By John Moyle
This week Sydney music lovers were rocked when Sydney’s iconic venue The Basement closed it doors after 45 years of operation.
A week earlier, in Kings Cross, a new jazz club barely made it to 45 minutes of existence as police and council harassment caused it to close on its second night of operation.
Venue manager for Prohibition jazz club Paul Jospeh said police threatened to bust them as they were setting up for a night’s trading.
Mr Jospeh says three men approached the doorman about coming into the club just for a look, which they did.
Once inside they threw off their cloaks of anonymity declaring that they were licensing police
“Owner and licensee of Prohibition, Mr Ian Chandler, was approached by the licensing police and informed that he may be in breach of the law for not scanning them in and that he was liable for a $11,000 fine,” Mr Jospeh said.
But there was more.
Later that night a couple of City of Sydney rangers approached Mr Chandler outside the club and threatened him with a $6,000 fine if he breached a zero tolerance noise level.
Fearing for instant penury if they were busted for any the aforementioned breaches, the club decided to close, putting 40 musicians booked for the week out of work along with three staff and a security guard.
A recent report by independent think tank Committee for Sydney is a wake-up call for all government agencies, businesses and policy makers to take Sydney into the 21st century as a 24 hour precinct or risk becoming a second tier city in a world increasingly turning on the lights and staying open.

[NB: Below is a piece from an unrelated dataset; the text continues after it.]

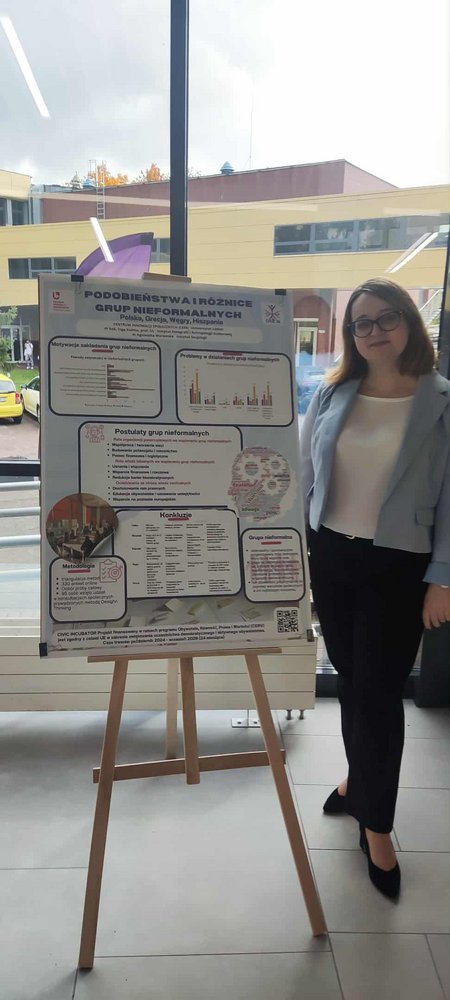 dr Agnieszka Murawska przy plakacie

The report Sydney as a 24 Hour City examines issues relevant to Sydney as a 24 hour precinct such as transport, retail operations, hours for public spaces, lighting and a more open and supportive policy for music venues, small bars and clubs.
As Sydney joins other 24 hour precincts around the world benefits to Sydney could see an increased annual turnover of $30 billion and create up to 100,000 new jobs.

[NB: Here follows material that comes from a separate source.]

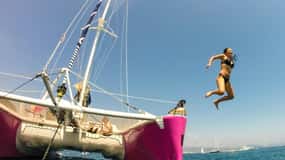 Costa Azzurra: Tour di mezza giornata in catamarano a vela sulla costa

“The Committee for Sydney’s report identified serious concerns with the lock out laws’ impacts on Sydney nightlife,” Alex Greenwich, independent MP for Sydney said.

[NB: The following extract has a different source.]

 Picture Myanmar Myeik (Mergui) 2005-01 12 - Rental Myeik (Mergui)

“If Sydney is going to be a global city, we need to remove the 1.30am lockout for small bars and well managed venues.”
Sydney as a 24 Hour City builds on significant work done by councils, state government, universities and campaigning organisations such as Keep Sydney Open.
“What we’ve sought to do is develop a strategic approach for Greater Sydney, involving participants from public, private and civic sectors,” spokesperson, Committee for Sydney said.
One of the early studies done on a 24 hour economy for Sydney was the OPEN Sydney report by City of Sydney back in 2012.
“The City is a long term supporter of the night-time economy and its contribution to our city’s vibrant community and the broader economy,” spokesperson, City of Sydney said.
However one giant shadow looms large across the implementation of any attempts to make Sydney a global city: Barry O’Farrell and Mike Baird’s infamous lockout laws that were introduced in 2014 as a knee jerk reaction to alcohol fuelled assaults.
The governments of the day also refused to address issues of their own making such as lack of public transport and putting a brake on the number of liquor licenses issued in areas with already large numbers of venues.
“It is clear whether you are talking about the Liberal government or the Labor opposition that they have done nothing about the lock out laws, while the impacts on the community have been significant,” Jenny Leong, Greens MP Newtown said.
“We need an approach to licensing laws that don’t punish the whole of the community and shut down our night life.”
Tyson Koh is a spokesman for the Keep Sydney Open movement that has been vocal about the lockout laws affecting central Sydney.
“A lot of people have failed to understand how the lockouts have been so damaging to businesses in the inner city and Kings Cross,” Koh said.
“This is not a level playing field as people can still go out later in the inner west or parts of the eastern suburbs, or go to the Casino.”
Koh added that there was another issue affecting night life in Sydney and that was the attitudes of the police and government.
“I see this as part of a broader war on culture that the police and parts of the NSW Government are engaging in and that is very concerning.